Of course, the nature of how you “edit” a file is very important. A file copy utility might replace the files, or it may re-write them in place. You need to experiment and check your documentation. Here is an experiment.
> ls -l hadoop-3.3.4/libexec/hdfs-config.cmd hadoop-3.3.4/libexec/mapred-config.cmd
-rwxr-xr-x 2 djh djh 1640 Mar 23 16:19 hadoop-3.3.4/libexec/hdfs-config.cmd
-rwxr-xr-x 2 djh djh 1640 Mar 23 16:19 hadoop-3.3.4/libexec/mapred-config.cmd
> cp hadoop-3.3.4/libexec/hdfs-config.cmd hadoop-3.3.4/libexec/mapred-config.cmd
cp: 'hadoop-3.3.4/libexec/hdfs-config.cmd' and 'hadoop-3.3.4/libexec/mapred-config.cmd' are the same file
The cp command is not having it. What if we replace one of the files?
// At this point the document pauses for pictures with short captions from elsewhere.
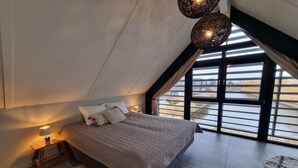 A bedroom with a large bed, a nightstand with a lamp, and a view through a large window. - Waterfront Villa w/ Jetty (Balk)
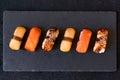 Assorted sushi with salmon, eel and escolar on black stone plate on dark background. Minimal concept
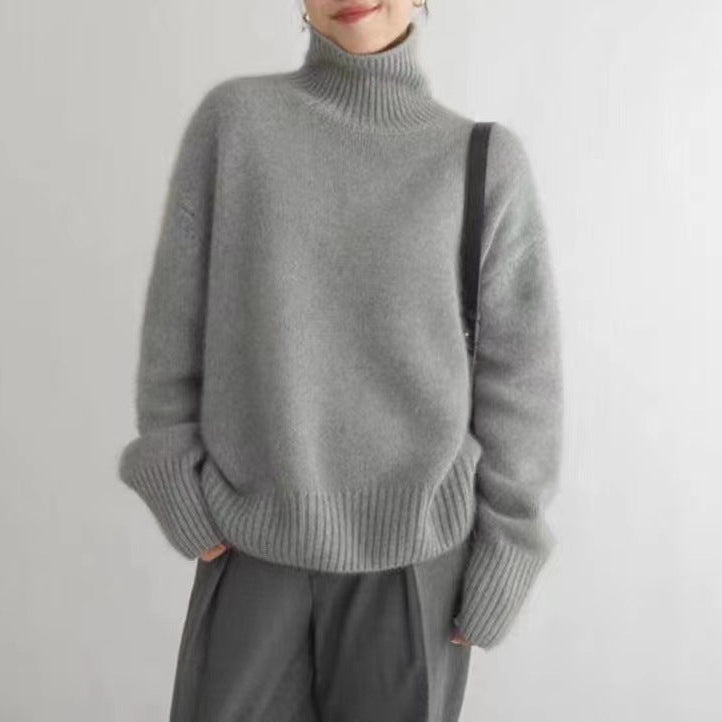 Maglione grigio a collo alto in lana, indossato da una persona con pantaloni grigi. Look invernale elegante e caldo, moda casual chic.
> cp hadoop-3.3.4/libexec/mapred-config.cmd hadoop-3.3.4/libexec/mapred-config.cmd.orig
> echo foo >> hadoop-3.3.4/libexec/hdfs-config.cmd
> ls -l hadoop-3.3.4/libexec/hdfs-config.cmd hadoop-3.3.4/libexec/mapred-config.cmd
-rwxr-xr-x 2 djh djh 1644 Mar 23 16:19 hadoop-3.3.4/libexec/hdfs-config.cmd
-rwxr-xr-x 2 djh djh 1644 Mar 23 16:19 hadoop-3.3.4/libexec/mapred-config.cmd
> cp hadoop-3.3.4/libexec/mapred-config.cmd.orig hadoop-3.3.4/libexec/mapred-config.cmd
> ls -l hadoop-3.3.4/libexec/hdfs-config.cmd hadoop-3.3.4/libexec/mapred-config.cmd
-rwxr-xr-x 2 djh djh 1640 Mar 23 16:19 hadoop-3.3.4/libexec/hdfs-config.cmd
-rwxr-xr-x 2 djh djh 1640 Mar 23 16:19 hadoop-3.3.4/libexec/mapred-config.cmd
When I run the cp command to replace one file, it replaces both files.
Back at work, I found I could save a lot of disk space on the system in question with jdupes -L, but I am also wary of unintended consequences of linking files together. If we pursue this strategy in the future, it will be with considerable caution.